Appeals from the Superior Court of the District of Columbia. (F-4075-00 and F-104-00). (Hon. Shellie F. Bowers, Trial Judge).

The opinion of the court was delivered by: Schwelb, Associate Judge

Argued February 15, 2005

Before WASHINGTON, Chief Judge,*fn1 SCHWELB, Associate Judge, and KERN, Senior Judge.

On November 15, 2001, a jury convicted Ronald Randolph and Phillip A. Stewart of first-degree murder while armed,*fn2 kidnapping,*fn3 possession of a firearm during a crime of violence (PFCV),*fn4 and carrying a pistol without a license (CPWOL).*fn5 The case arose from the abduction and subsequent murder of Carlos Thomas on the night of October 19, 1999. On appeal, both defendants contend that the trial judge abused his discretion and committed reversible error by admitting into evidence an out-of-court narrative statement allegedly made by John Holmes. Holmes, who claimed to have been an eyewitness to the kidnapping of the decedent, made this statement to his friend, Edna Sudler, a prosecution witness, shortly after the kidnapping occurred.*fn6

In its initial brief, the government contended that even if Holmes' statement, admitted over objection, was not an excited utterance -- an assumption which the government did not contest -- the convictions should be affirmed because the evidence was admissible as a prior identification or, in the alternative, as a prior consistent statement. We disagree with the government's position regarding either theory of admissibility. We also note that in its original submission, the government made no claim that any error in the admission of Holmes' out-of-court statement was harmless in the traditional sense.*fn7 The government thus initially provided the court with no basis for affirmance other than the "prior identification" or "prior consistent statement" theory.
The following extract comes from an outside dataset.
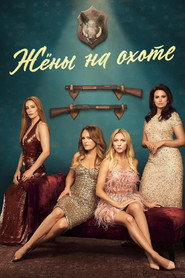 Постер сериала Жёны на охоте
Following oral argument, however, the court ordered supplemental briefing on an issue not previously addressed by the government, namely, whether the court may or should find the error harmless vis-a-vis either defendant when the government had failed to make such a claim in its brief. Having considered the supplemental submissions in the light of the record as a whole, including the government's initial failure to assert a claim of harmlessness, we now conclude that the trial judge erred in admitting testimony regarding Holmes' out-of-court statement, and that the error was prejudicial as to Randolph but harmless as to Stewart.*fn8 Accordingly, we reverse Randolph's convictions for armed first-degree murder, kidnapping, and PFCV, but affirm his conviction of CPWOL, because that conviction was not affected by the trial court's erroneous ruling. We affirm all of Stewart's convictions.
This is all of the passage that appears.